No brewery knows that Black is Beautiful better than San Antonio’s Weathered Souls. Following the murder of George Floyd, co-founder and head brewer Marcus Baskerville launched a worldwide collaboration beer project called Black is Beautiful to raise awareness about injustices faced by people of color, as well as to raise funds to support police reform. To participate, all you had to do was brew the Black is Beautiful imperial stout and commit to donating the proceeds to charities appropriate to the cause. To date, over a thousand breweries in nearly two dozen countries have participated; the beer recently hit the shelves of 300+ Walmart stores as well. 

Not many beermakers start through Tinder dates and marketing companies, but LA’s Crowns & Hops isn’t like most other beermakers. Founders Beny Ashburn and Teo Hunter met on the dating app and decided they made better business partners than romantic ones. They launched a marketing company called Dope & Dank with the intent to build a bigger beer-loving culture amongst communities of color, and that naturally transitioned into making their own beers as Crowns & Hops in 2019. Since then, they’ve released a variety of stouts, IPAs, and lagers through partners like Three Weavers Brewing while working towards opening their own facility in Hunter’s hometown of Inglewood.


Several Black-owned beer companies came on the Chicagoland scene in 2021, but none have hit with the force of Moor’s. Launched on Juneteenth by Damon Patton and Jamhal Johnson, Moor’s offers three different beers (including a lavender-infused Imperial porter), and each can features the steely gaze of Moorish conqueror Tariq ibn Ziyad looking back out at you. They’re already also celebrating more than just beer culture by hosting concerts with performers like Rakim and as well as documentary screenings celebrating Chicago’s house music and hip-hop history.

Black-owned wineries in the US

Chris Christensen, co-founder and head winemaker, is passionate about Sauvignon Blanc, and he wants to push the grape in all different directions. Sparkling Sauvignon Blanc, especially, is Bodkin’s calling card; the winery claims to be the home of America’s first bubbly version of this grape. Oak-aged, skin-fermented; nothing is off-limits when it comes to finding new expressions of Sauvignon Blanc. But far from being just a one-grape producer, Bodkin creates other white wines as well as reds such as Zinfandel.

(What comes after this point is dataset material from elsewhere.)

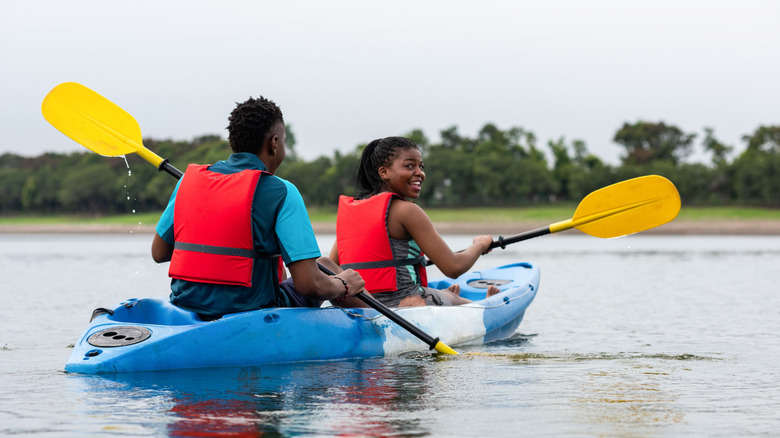 Kayakers on a lake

What started as a vacation home for doctors Bassett and Marcela Brown turned into Napa’s first black-owned estate winery. The couple planted vineyards (because, Napa) during renovations in the 1980s and even sold grapes to local winemakers. In 1995, the family decided to bottle their own wine, and Brown Estate was formally established the following year. Brown’s Zinfandel regularly receives critical acclaim; taste for yourself at their tasting room in downtown Napa.


Trial lawyer and senior partner Theodora Lee first became interested in wine through her law firm mentors. In 2001, she purchased her own plot of land in Yorkville Highlands AVA—located between Alexander Valley and Anderson Valley—which she developed into her own vineyard. Estate Petite Syrah is her calling card, but she also sources grapes throughout California for her Pinot Noirs and signature blends.

Andre Hueston Mack helmed some of the best wine lists in the country while working as a sommelier at Thomas Keller’s French Laundry and Per Se, so you can bet he knows what he is doing. It is with this exceptional palate that he crafts Maison Noir wines, with cool-climate Pinot Noir, Pinot Gris, and Chardonnay from Willamette Valley as the focus. Taste these small-production wines at & Sons Ham Bar in Brooklyn, NY.


Phil Long and his wine Debra started as garagiste winemakers, but the popularity of their wines turned their hobby into a full-time career. Located just 30 minutes from San Francisco Bay, Longevity’s tasting room highlights the estate’s wide range of wines, from Chardonnay to Zinfandel. Now the president of the Association of African American Vintners, Phil’s experience furthers the organization’s goals of creating a strong winemaking community.